Ekonomi Nasional Memburuk, PAD Menurun
Uha juga menyoroti dampak krisis ekonomi nasional terhadap pendapatan asli daerah (PAD) Kabupaten Kuningan. Ia menyebut bahwa penurunan PAD akan memperburuk ketidakmampuan pemerintah dalam membayar proyek-proyek besar.
“Jika PAD menurun drastis, maka semakin sulit bagi Pemkab Kuningan untuk memenuhi kewajiban pembayaran, termasuk voorfinanciering proyek Musholla Al-Asri ini,” terangnya.

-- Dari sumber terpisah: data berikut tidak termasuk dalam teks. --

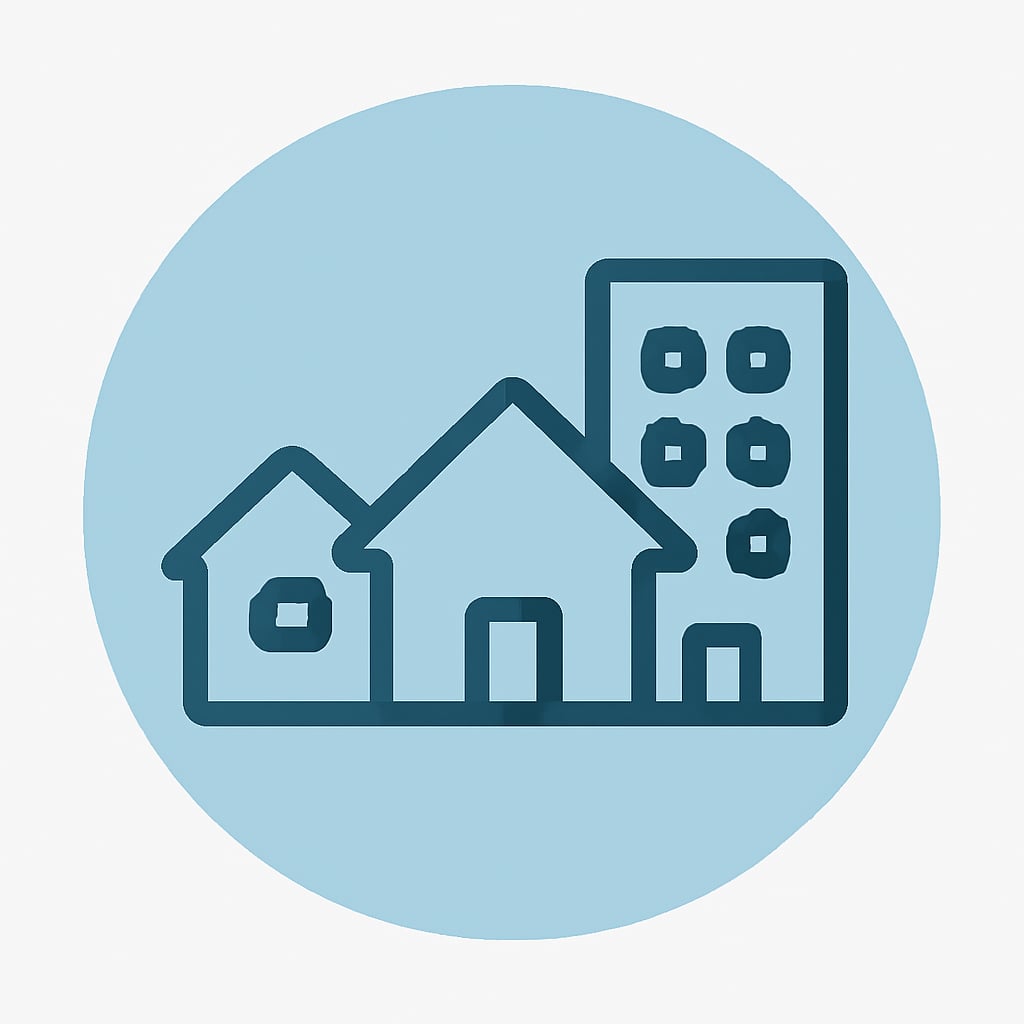 Property types icon representing variety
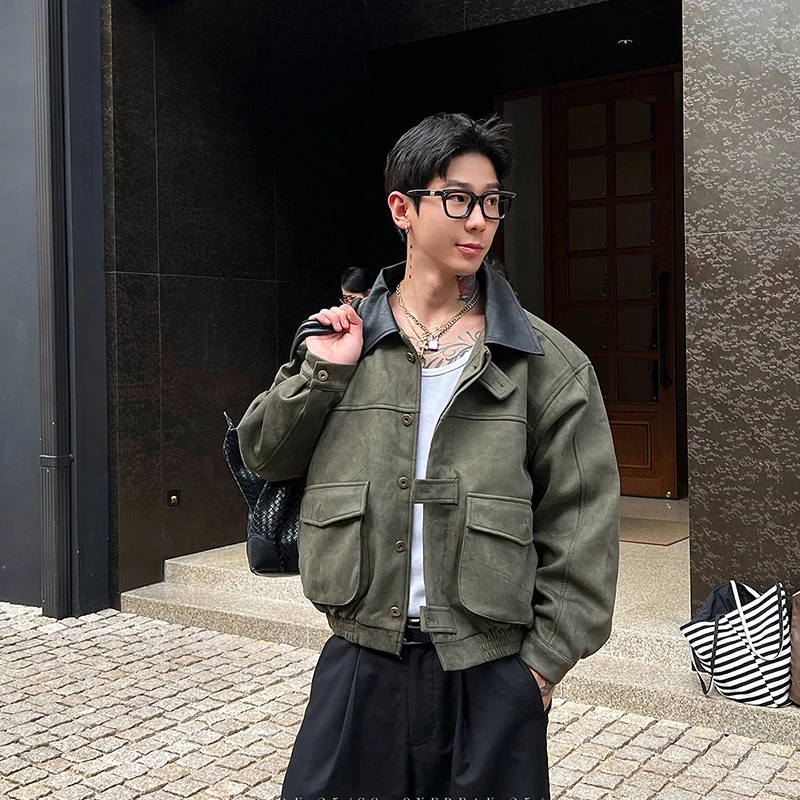 WTHT Fashion Men's Pockets Spliced Leather Contrast Color Coats Trendy 2026 Summer Turn Down Collar Loose Jackets Male 2A2821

Voorfinanciering Rawan Monopoli dan Gratifikasi
LSM Frontal juga menuding bahwa skema voorfinanciering dalam proyek pemerintahan membuka ruang terjadinya praktik persaingan usaha tidak sehat.
“Ini melanggar Undang-Undang Anti Monopoli Nomor 5 Tahun 1999. Pekerjaan borongan model ini cenderung tidak transparan dan rawan kolusi,” ungkap Uha.
Ia menambahkan bahwa mekanisme pembayaran yang dilakukan setelah proyek selesai membuat pengawasan terhadap anggaran menjadi lemah. Hal ini membuka celah terjadinya komitmen fee, gratifikasi, atau bahkan suap yang melibatkan oknum penyedia jasa dan pelaksana proyek.
Dugaan Monopoli Oleh Pengusaha Dekat Kekuasaan
Lebih lanjut, Uha menyebut adanya dugaan keterlibatan seorang pengusaha berinisial “N” dalam proyek rehab Musholla Al-Asri. Sosok ini disebut sebagai pihak yang dikenal sangat dekat dengan elit kekuasaan di lingkungan Pemkab Kuningan dan kerap memenangkan berbagai tender proyek.
“Berdasarkan bocoran informasi, pengusaha berinisial N ini sedang memonopoli pekerjaan-pekerjaan strategis di lingkup pemerintah daerah,” bebernya.
Bangunan Musholla Masih Layak dan Baru Direhab 2024
Dalam pernyataannya, Uha menegaskan bahwa Musholla Al-Asri sebenarnya masih sangat layak digunakan untuk beribadah.
“Ironisnya, musholla ini baru saja direhab oleh Bupati sebelumnya pada tahun 2024,” tegasnya.
Ia menyebut bahwa proyek ini hanya akan memperparah kondisi keuangan daerah yang sedang kolaps, dan apabila tetap dilanjutkan, maka akan menjadi bukti bahwa Pemkab Kuningan gagal melakukan rasionalisasi belanja.
APBD Bangkrut, Pemerintah Harus Introspeksi
Mengakhiri pernyataan sikapnya, Ketua LSM Frontal menyerukan agar Pemkab Kuningan melakukan evaluasi menyeluruh terhadap manajemen keuangan dan menghentikan proyek-proyek yang tidak prioritas.
“Bangkrutnya APBD Kuningan telah merugikan masyarakat dan menimbulkan efek domino terhadap sektor ekonomi, sosial, hingga tata kelola pemerintahan,” ujarnya.
“Kalau pola pengelolaan seperti ini terus dipertahankan sampai Pilkada 2029, maka bersiaplah Game Over,” tutup Uha Juhana.